Secondary Outcome Measures

Name	Time	Method
Biomarkers of Inflammation- Concentration of NO2-CLA in Urine	Before treatment at baseline and after treatment at 8 weeks	To determine whether, compared to baseline, treatment with NOx + CLA can quantify the concentrations of NO2-cLA in urine
Biomarkers of Inflammation-bronchial Hyperresponsiveness Using PC20	Before treatment at baseline and after treatment at 8 weeks	To determine whether, compared to baseline, treatment with NOx + CLA can reduce bronchial hyperresponsiveness. PC20 was measured by methacholine challenge (mg/mL) in three participants pre and post supplementation with Nitrate/Nitrite and cLA
Biomarkers of Inflammation- Concentration of Free CLA in Plasma	Before treatment at baseline and after treatment at 8 weeks	To determine whether, compared to baseline, treatment with NOx + CLA can quantify the concentrations of free CLA in plasma
Number of Participants With a Decrease of Inflammation Using Mitochondrial ROS Production	Before treatment at baseline and after treatment at 8 weeks	To determine whether, compared to baseline, treatment with NOx + CLA can decrease inflammation using mitochondrial ROS production in fresh and cultured airway epithelial cells.
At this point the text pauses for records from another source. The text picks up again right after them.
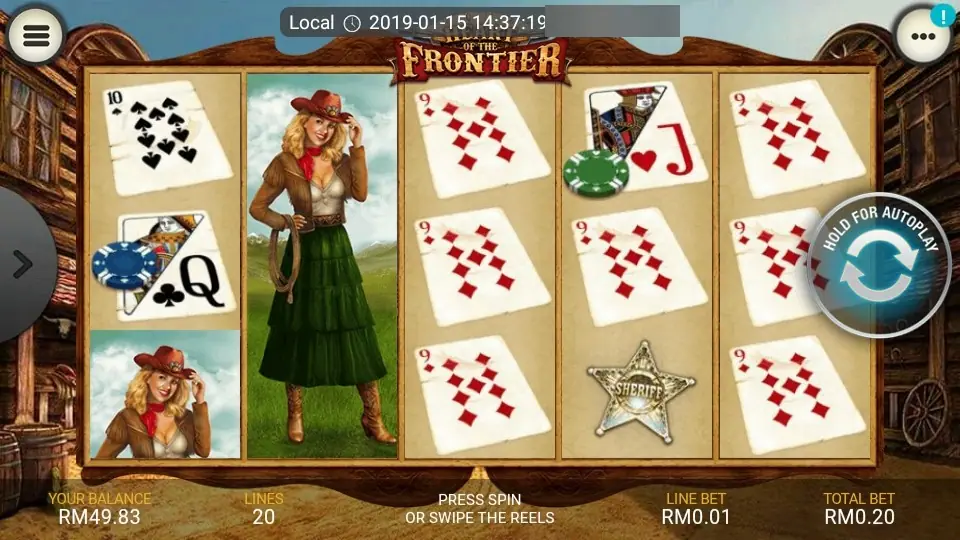 Heart of the Frontier reels with a blonde cowgirl in a green skirt filling reel 2, a sheriff star on reel 4 and playing cards with poker chips, Lines 20 and Total Bet RM0.20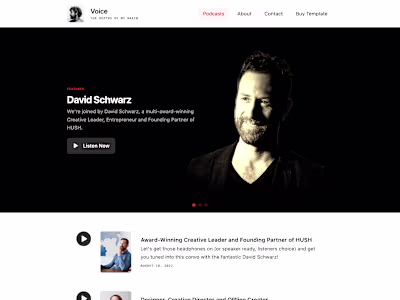 Voice — Podcast Template for Framer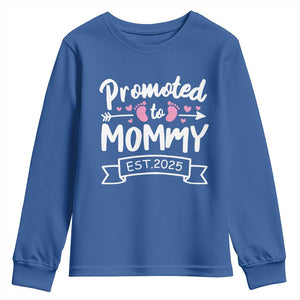 Promoted To Mommy Est 2025 Youth Sweatshirt TS09 Royal Blue Print Your Wear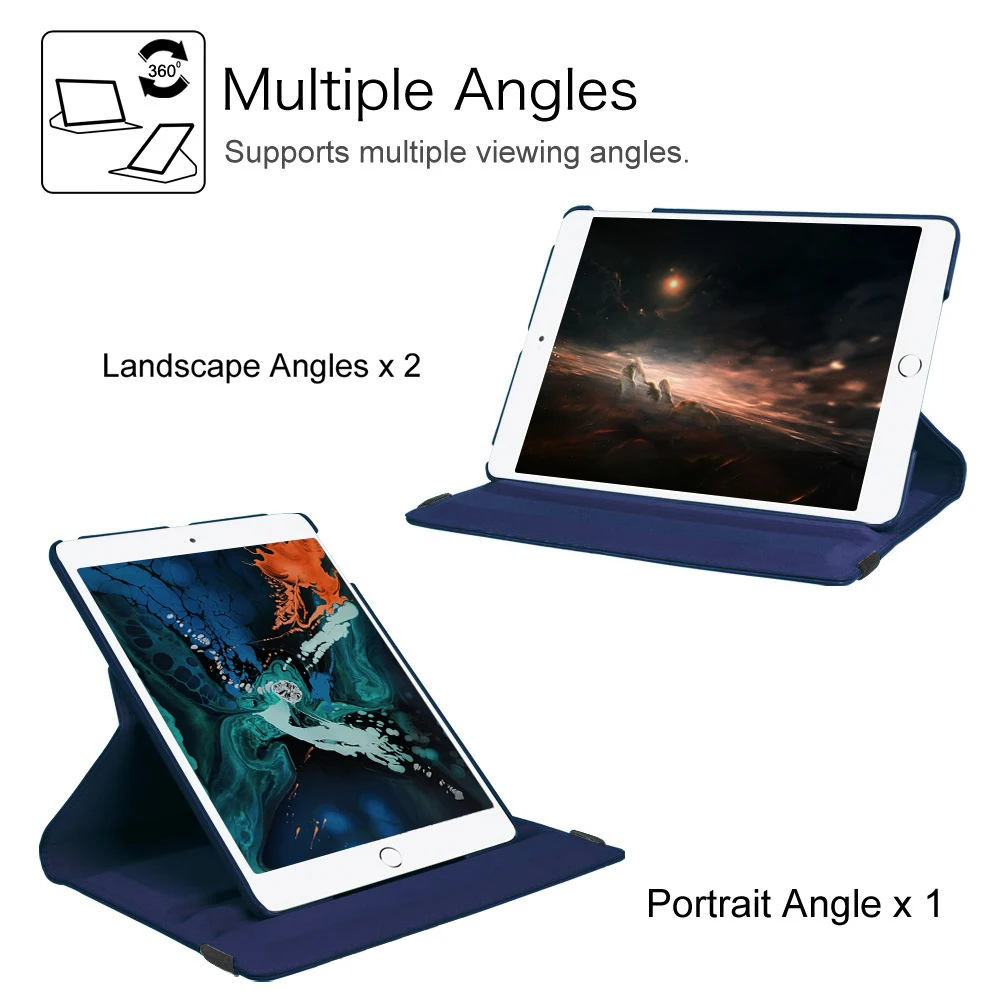 Чехол для iPad 9 7 2018 Apple Air 2 1 чехол 360 градусов вращающийся PU кожаный Coque Авто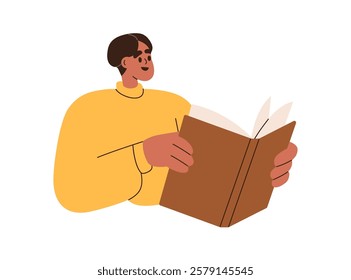 Man reading book. Happy smiling young male student, reader holding open textbook, studying literature, learning. Education, knowledge concept. Flat vector illustration isolated on white background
Biomarkers of Inflammation-airway XO Activity	Before treatment at baseline and after treatment at 8 weeks	To determine whether, compared to baseline, treatment with NOx + CLA can effect airway XO activity determined in endobronchial biopsies
Biomarkers of Inflammation-15NO2-cLA	Before treatment at baseline and after treatment at 8 weeks	To determine whether, compared to baseline, treatment with NOx + CLA can effect measurement of 15NO2-cLA in urine.
Biomarkers of Inflammation-anion Superoxide	Before treatment at baseline and after treatment at 8 weeks	To determine whether, compared to baseline, treatment with NOx + CLA can decrease production of anion superoxide in fresh airway epithelial cells
Biomarkers of Inflammation- Concentration of NO2-CLA in Plasma	Before treatment at baseline and after treatment at 8 weeks	To determine whether, compared to baseline, treatment with NOx + CLA can quantify the concentrations of NO2-cLA in plasma
Number of Participants With an Increase in IL-6 and IL-1b Expression	Before treatment at baseline and after treatment at 8 weeks	To determine whether, compared to baseline, treatment with NOx + CLA will increase a participant's IL-6 and IL-1b expression.